Some people seem to think so.
When Saudi Arabian Crown Prince Mohammad bin Salman proposed building a 110-mile horizontal urban “skyscraper” called the Line near the border of Jordan and Egypt in 2020—the centerpiece of a vast new planned city called NEOM—many of the world’s most prestigious firms clamored to sign up. These ranged from the usual suspects of neoliberal future-making, like Thom Mayne’s aesthetically erratic outfit Morphosis, to firms that inherited the city-building impulses of modernism, such as Peter Cook and an I.M. Pei–less Pei Cobb Freed.

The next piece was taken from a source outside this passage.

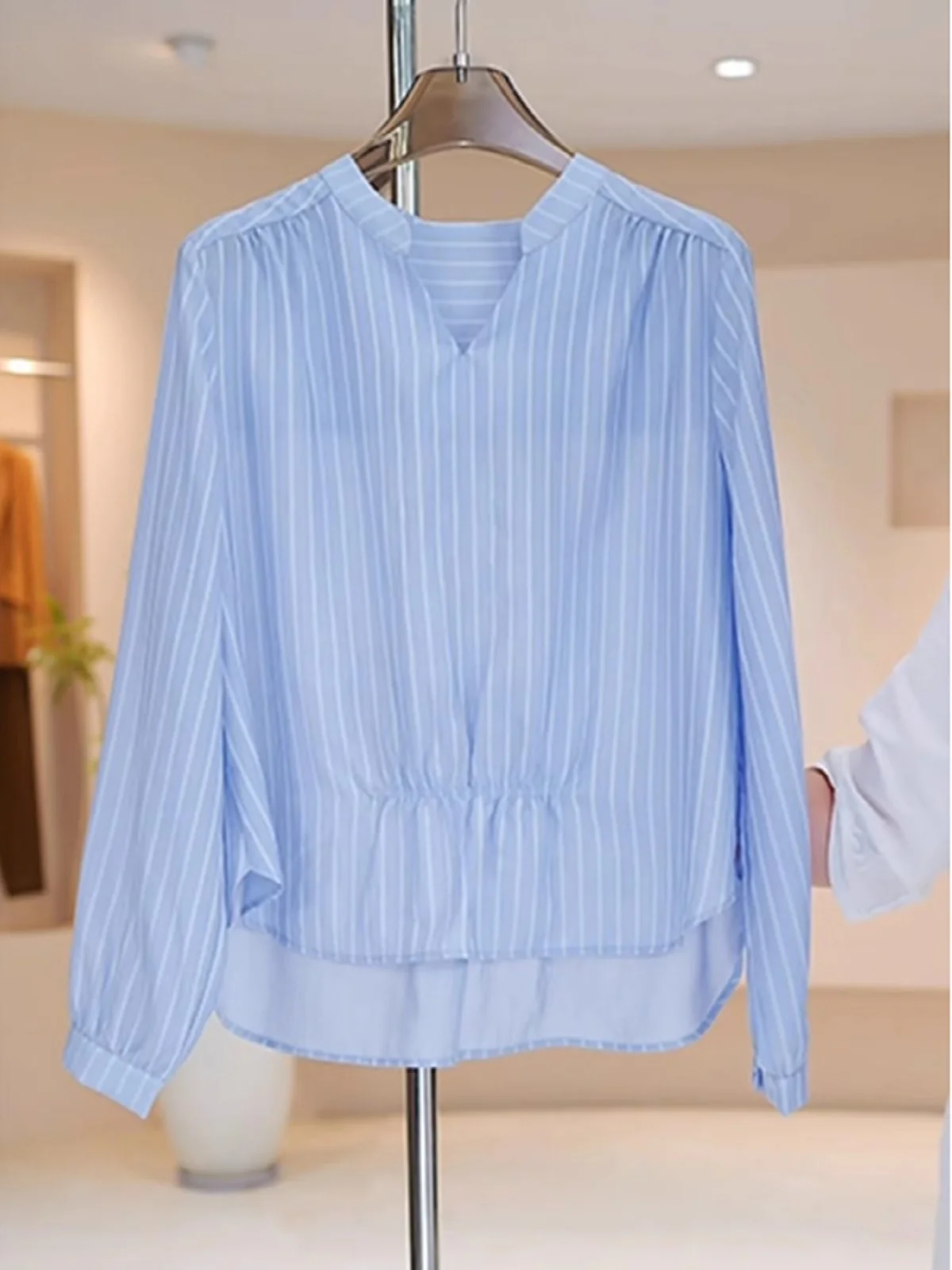 

Новинка! Элегантный топ с V-образным вырезом, вертикальными полосками и длинными рукавами в корейском стиле для офиса, большие размеры, весна.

All of this, of course, was managed by the notorious architecture-and-construction-slash-defense-contractor AECOM, which also happens to be handling the structural logistics for Donald Trump’s ballroom and Benjamin Netanyahu’s sinister, NEOM-esque Gaza 2035 master plan.
Its downfall was recently confirmed in a long Financial Times exposé detailing how the scope of bin Salman’s vision has shrunk to basically nothing. The “chandelier” (the central upside-down skyscraper) was derailed by the fact that the earth spins, the wind blows, and human waste can’t be flushed upward. THE LINE’s reflective surface and wind-turbine farm basically created a bird-slaughtering machine along one of the world’s most important migratory routes. Meanwhile, amid a culture of secrecy and retribution, architects and planners were basically forced to agree with whatever bin Salman thought was interesting or worthwhile, a process that mostly relied on a nonstop parade of spectacular renderings.
Was it not humiliating to have to pretend that Saudi Arabia’s sustainability goals were legitimate while the construction materials and transportation behind its projects wrested more carbon from the earth than most small countries do in a year?